EmDash’s import system uses a pluggable source architecture. Each source knows how to probe, analyze, and fetch content from a specific platform.

Import Sources

Source IDPlatformProbeOAuthFull Import
wxrWordPress export fileNoNoYes
wordpress-comWordPress.comYesYesYes
wordpress-restSelf-hosted WordPressYesNoProbe only

WXR File Upload

The most complete import method. Upload a WordPress eXtended RSS (WXR) export file directly to the admin dashboard.

Capabilities:

  • All post types (including custom)
  • All meta fields
  • Drafts and private posts
  • Full taxonomy hierarchy
  • Media attachment metadata

How to get a WXR file:

  1. In WordPress admin, go to Tools → Export
  2. Select All content or specific post types
  3. Click Download Export File
  4. Upload the .xml file to EmDash

WordPress.com OAuth

For sites hosted on WordPress.com, connect via OAuth to import without manual file exports.

  1. Enter your WordPress.com site URL
  2. Click Connect with WordPress.com
  3. Authorize EmDash in the WordPress.com popup
  4. Select content to import

What’s included:

  • Published and draft content
  • Private posts (with authorization)
  • Media files via API
  • Custom fields exposed to REST API

WordPress REST API Probe

When you enter a URL, EmDash probes the site to detect WordPress and show available content:

Detected: WordPress 6.4
├── Posts: 127 (published)
├── Pages: 12 (published)
└── Media: 89 files

Note: Drafts and private content require authentication
or a full WXR export.

The REST probe is informational. For complete imports, it suggests uploading a WXR file or connecting via OAuth (for WordPress.com).

Import Flow

All sources follow the same flow:

┌─────────────┐     ┌─────────────┐     ┌─────────────┐     ┌─────────────┐
│   Connect   │────▶│   Analyze   │────▶│   Prepare   │────▶│   Execute   │
│  (probe/    │     │  (schema    │     │  (create    │     │  (import    │
│   upload)   │     │   check)    │     │   schema)   │     │   content)  │
└─────────────┘     └─────────────┘     └─────────────┘     └─────────────┘

Step 1: Connect

Enter a URL to probe or upload a file directly.
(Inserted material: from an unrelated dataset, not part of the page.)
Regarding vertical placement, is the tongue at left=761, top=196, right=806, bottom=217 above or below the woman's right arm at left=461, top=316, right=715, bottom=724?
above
URL probing runs all registered sources in parallel. The highest-confidence match determines the suggested next action:

  • WordPress.com site → Offer OAuth connection
  • Self-hosted WordPress → Show export instructions
  • Unknown → Suggest file upload

Step 2: Analyze

The source parses content and checks schema compatibility:

Post Types:
├── post (127) → posts [New collection]
├── page (12)  → pages [Existing, compatible]
├── product (45) → products [Add 3 fields]
└── revision (234) → [Skip - internal type]

Required Schema Changes:
├── Create collection: posts
├── Add fields to pages: featured_image
└── Create collection: products

Each post type shows its status:

StatusMeaning
ReadyCollection exists with compatible fields
New collectionWill be created automatically
Add fieldsCollection exists, missing fields added
IncompatibleField type conflicts (manual fix needed)

Step 3: Prepare Schema

Click Create Schema & Import to:

  1. Create new collections via SchemaRegistry
  2. Add missing fields with correct column types
  3. Set up content tables with indexes

Step 4: Execute Import

Content imports sequentially:

  • Gutenberg/HTML converted to Portable Text
  • WordPress status mapped to EmDash status
  • WordPress authors mapped to ownership (authorId) and presentation bylines
  • Taxonomies created and linked
  • Reusable blocks (wp_block) imported as Sections
  • Progress shown in real-time

Author import behavior:

  • If an author mapping points to an EmDash user, ownership is set to that user and a linked byline is created/reused for the same user.
  • If there is no user mapping, a guest byline is created/reused from the WordPress author identity.
  • Imported entries get ordered byline credits, with the first credit set as primaryBylineId.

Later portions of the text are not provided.